Meski begitu, eks pedagang tersebut masih menunjukkan rasa tanggung jawabnya pada kebersihan lokasi yang dulu ditempati dengan membersihkan drainase di sepanjang lapak yang dibongkar. ”Sejak dulu kami selalu perhatikan kebersihan lingkungan tempat berjualan, hari ini (kemarin, red) para pedagang gotong-royong membersihkan selokan,” ungkap pedagang yang tergabung dalam paguyuban Pedagang Kaki Lima Sodetan (PPKS) Pasar Cisarua, Dandan.
Berbagai keluhan PKL Pasar Cisarua juga dikatakan Ujang. Sejak lapaknya dibongkar, ia terpaksa menganggur dan tidak berpenghasilan. ”Saya bingung mau kerja apa, padahal anak saya perlu biaya sekolah,” tuturnya.

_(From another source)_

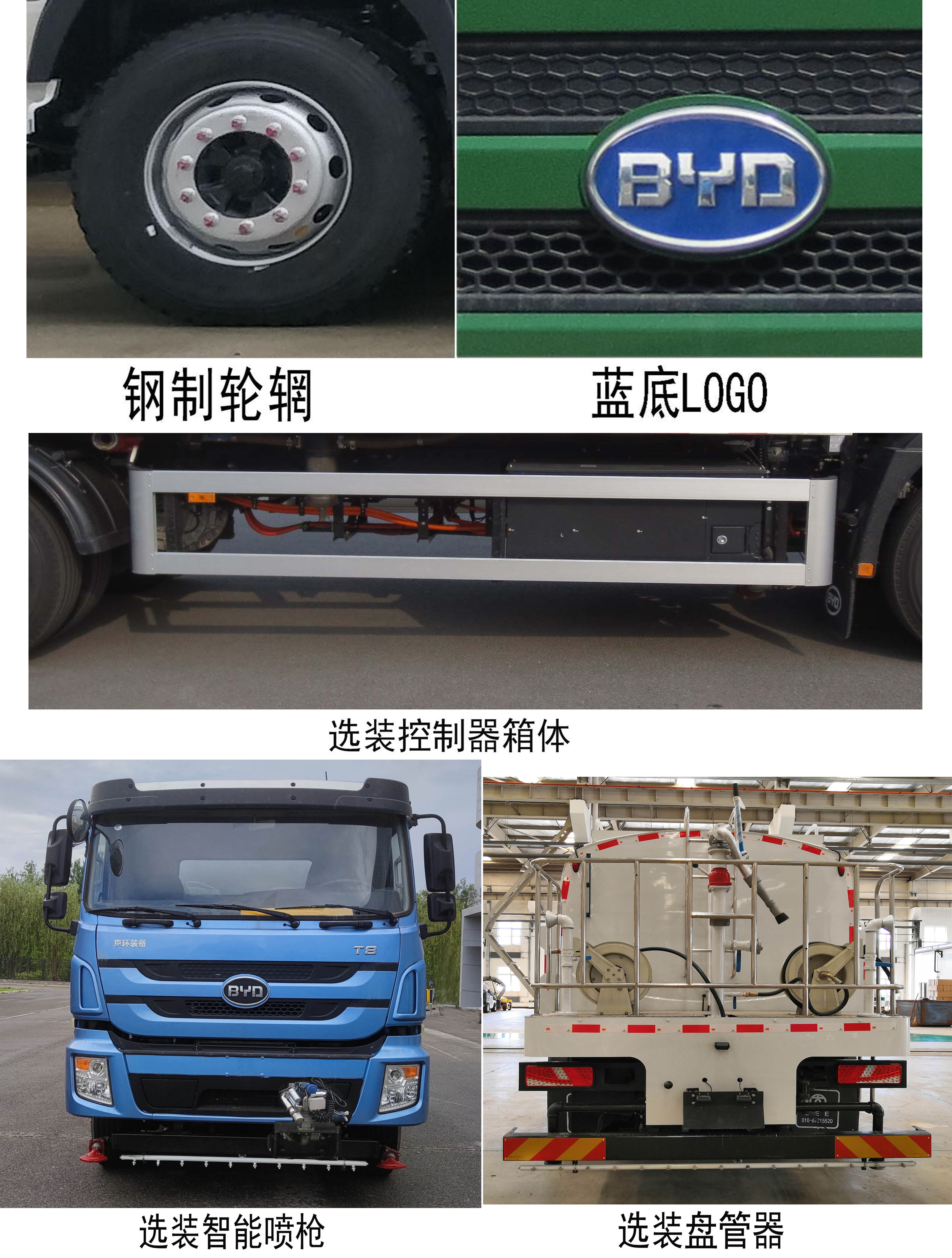 亞潔牌BQJ5180GSSBYDEV純電動(dòng)灑水車公告圖片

Sementara itu, Ketua PPKS Pasar Cisarua, Utek, mengaku prihatin dengan kondisi rekan seprofesinya. Menurut dia, berdagang adalah mata pencaharian utama mereka. Untuk membeli kios perlu pertimbangan matang, karena biaya yang dikeluarkan tidak sedikit.

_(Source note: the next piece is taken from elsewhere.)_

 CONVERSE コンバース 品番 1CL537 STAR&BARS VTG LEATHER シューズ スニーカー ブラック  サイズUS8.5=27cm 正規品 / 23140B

”Kami mohon pemerintah memahami nasib kami. Kami hanya mencari makan dengan berjualan. Kalau ada lahan yang kami pakai milik pemerintah, kami mohon kebijaksanaannya,” harapnya.
Sementara itu, tokoh masyarakat Cisarua yang juga ketua Komunitas Penggerak Pariwisata (Kompepar) Kabupaten Bogor Teguh Mulyana mengaku miris dengan dibongkarnya lapak PKL tersebut. ”Mereka adalah warga Cisarua yang mencari nafkah di Cisarua. Seharusnya sih ada solusi lain daripada pembongkaran,” pungkasnya.